Hoffman is “very optimistic that it will work out fine” given the relationship 25hours has had with Accor the past few years. Accor’s new “augmented hospitality” strategy and its new loyalty program are especially promising, he noted.

And one thing he isn’t concerned about is the fact that Accor is investing in a number of other brands, some of which are direct competitors to 25hours, too.

“We have kind of a competition when it comes to owners who are choosing different brands within the Accor world,” he said. “To be frank, I’m relieved, in a way, as well, because we are not about speed. We’re more about trying to create products where we are very optimistic and where we strongly believe that we can do something nice. We’d rather only do three properties in three years than do 10 properties in three years.”

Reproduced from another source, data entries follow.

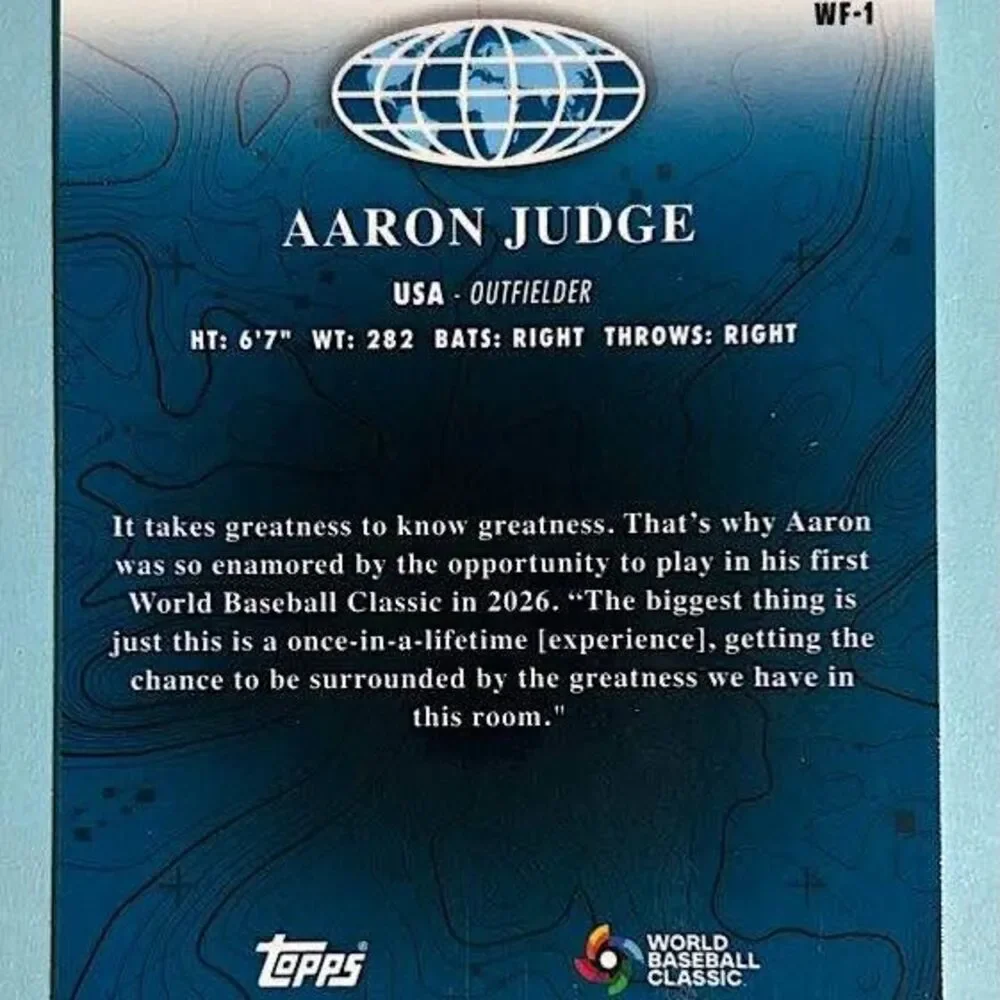 Aaron Judge Yankes 2026 Topps Finest #WF-1 Worlds Finest USA - Picture 2 of 2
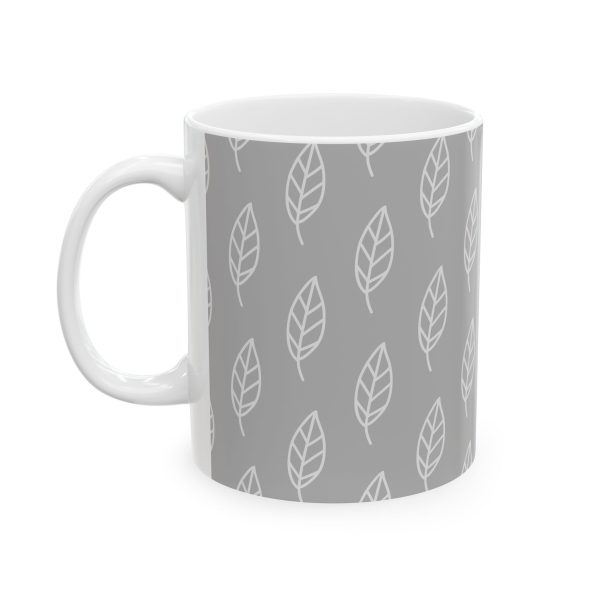 Classic Mug - Light Gray Leaf Pattern 3
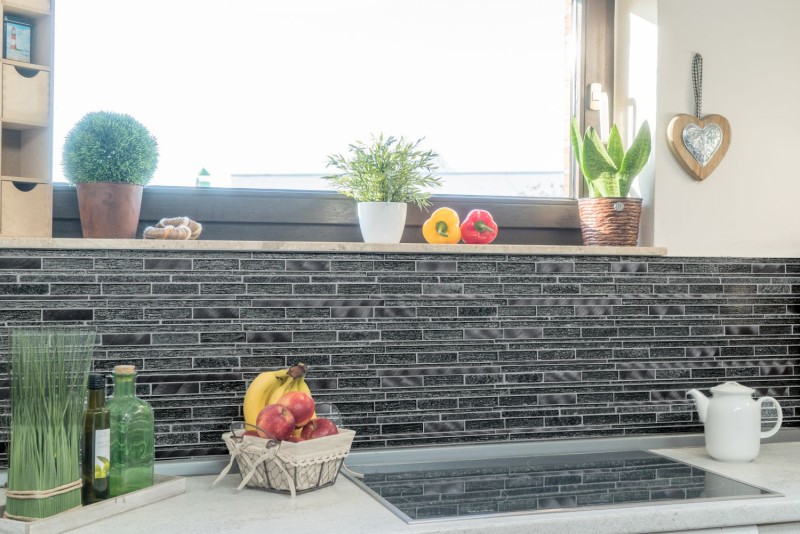 Mosaico di vetro pietra naturale tessere di mosaico alluminio nero antracite grigio scuro rivestimento pareti - MOS49-GV84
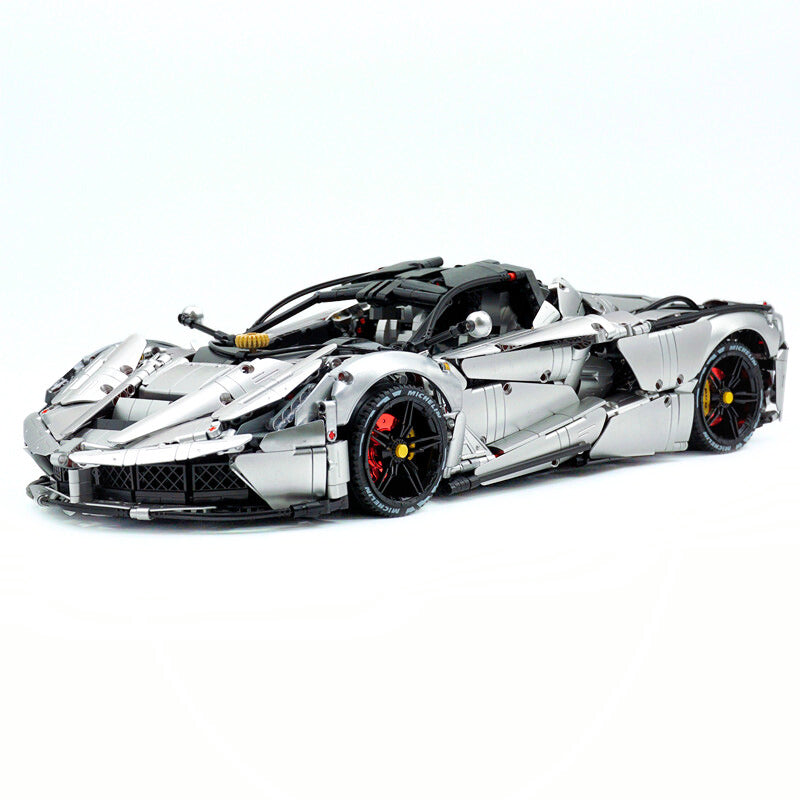 CADA-C61505 1:8 Sports Car LaFerrari Custom Silver Building Block Set 4739pcs Adult Collector Collectible Model Kit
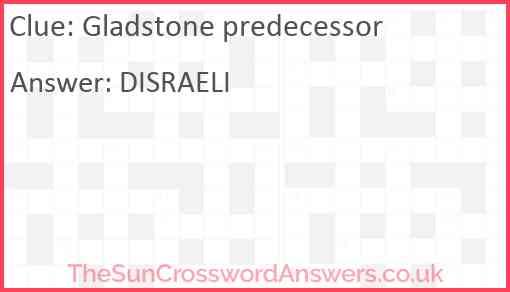 Gladstone predecessor Answer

He said he’s hoping there are synergies to be shared among the various brands within the Accor family, including SBE. “Let’s say we find something in San Francisco or Singapore, and our own F&B brands don’t fit there, or we don’t have the resources to develop our F&B brands in that long-haul destination. We can give Sam [Nazarian, the CEO of SBE] a call and see if he has a brand which fits our philosophy.”

The Future of Hotel Dining

Like Nazarian, Hoffman sees the power of branded concepts in hotel dining, but he said it’s important to make sure that those restaurants and bars still at least feel like a neighborhood establishment that’s “very cozy and personal feeling.”

Essentially, anything that “avoids having those technocratic, stupid, cookie-cutter scaled gastronomic brands” is what hotels should seek out, he said.

Focusing on Labor

And if there’s one thing he thinks hoteliers should be paying more attention to than they currently are, it’s the people who make their businesses possible.

“We forgot about it, especially myself,” Hoffman admitted. “We never had a strategy behind how we can make sure that our staff stays with us, and becomes happy, and becomes also loyal to us. We had a high fluctuation in the past, and we just grew. We just thought, ‘OK, somebody comes to us working, they must be happy and they must like and then we were hoping that everything would work out, but the larger the organization go, the more difficult it was to keep the balance and to keep that vibe and culture.”

To fix that, Hoffman said the company expanded its human resources department and is actively trying to empower and incentivize employees, as well as increase their pay, recognize their efforts, listen to them, and show the company’s appreciation for their work.

“It’s very important that we give feedback to them, that everybody within the hotel understands what the growth is about, what Accor is about. You have to discipline yourself about it, and the larger the organization gets, the more decentralized that system has to be so the culture can go all the way though.”